> [Exercise requirements]: Drop the images. Copy every line below character for character.

> [Dataset content]:
_ _ _
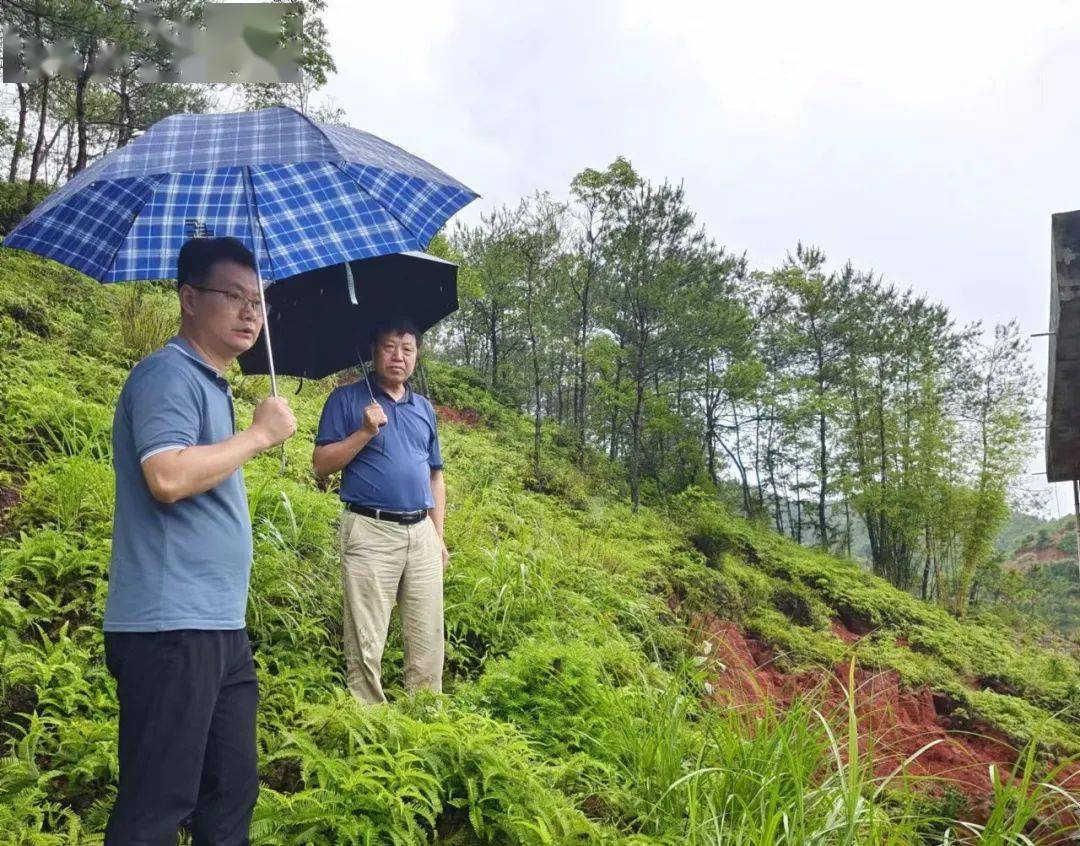 市局督导组郭知明,黄炎峰一行在会昌县督导地质灾害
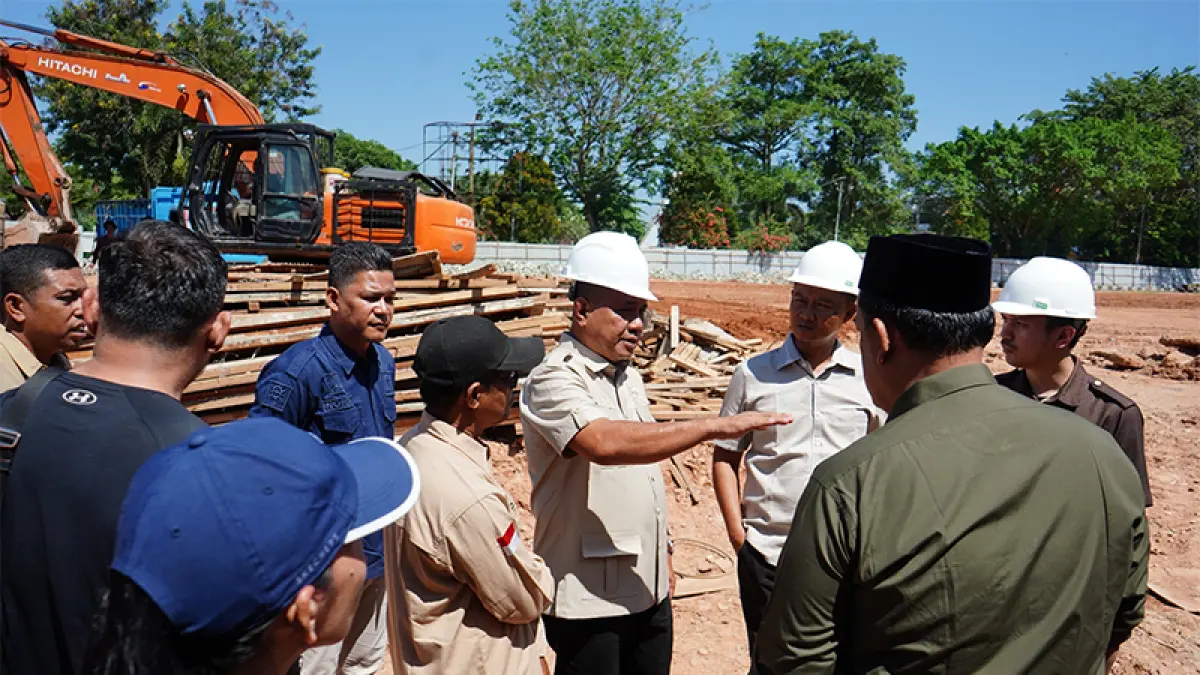 Ketua DPRD Kuansing Juprizal SE MSi bersama Ketua Komisi III Maulana Imam Saleh dan anggota meninjau pembangunan Astaka Utama MTQ, Selasa (26/5/2026). (Desriandi Candra)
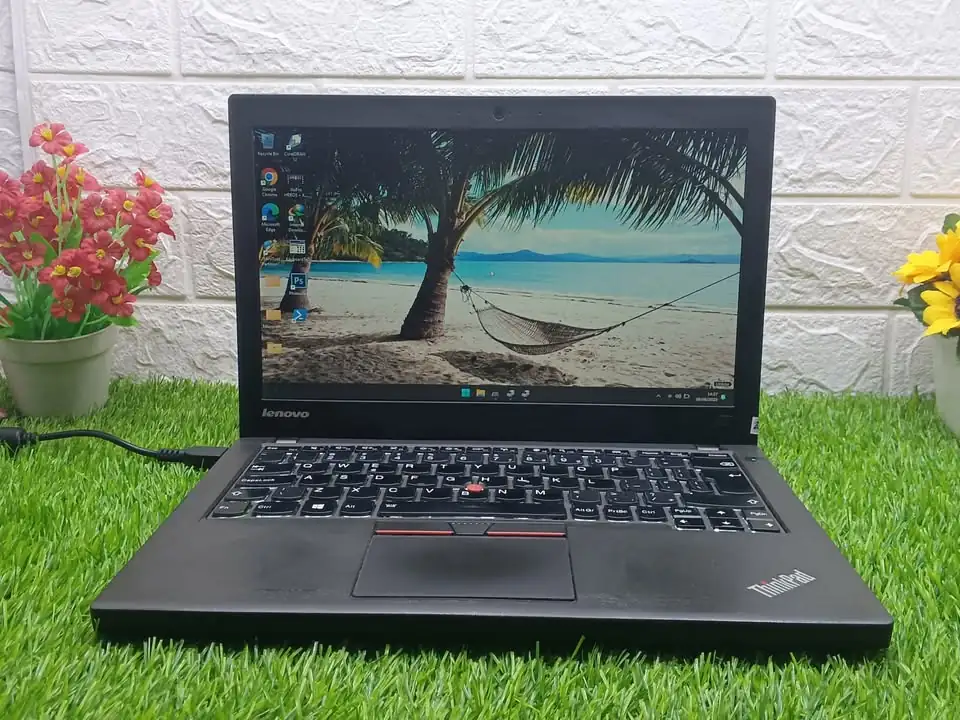 Laptop Lenovo Thinkpad x260 i5-6200U Ram 8GB SSD 256GB murah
_ _ _
> [Result of this task]:
 市局督导组郭知明,黄炎峰一行在会昌县督导地质灾害
 Ketua DPRD Kuansing Juprizal SE MSi bersama Ketua Komisi III Maulana Imam Saleh dan anggota meninjau pembangunan Astaka Utama MTQ, Selasa (26/5/2026). (Desriandi Candra)
 Laptop Lenovo Thinkpad x260 i5-6200U Ram 8GB SSD 256GB murah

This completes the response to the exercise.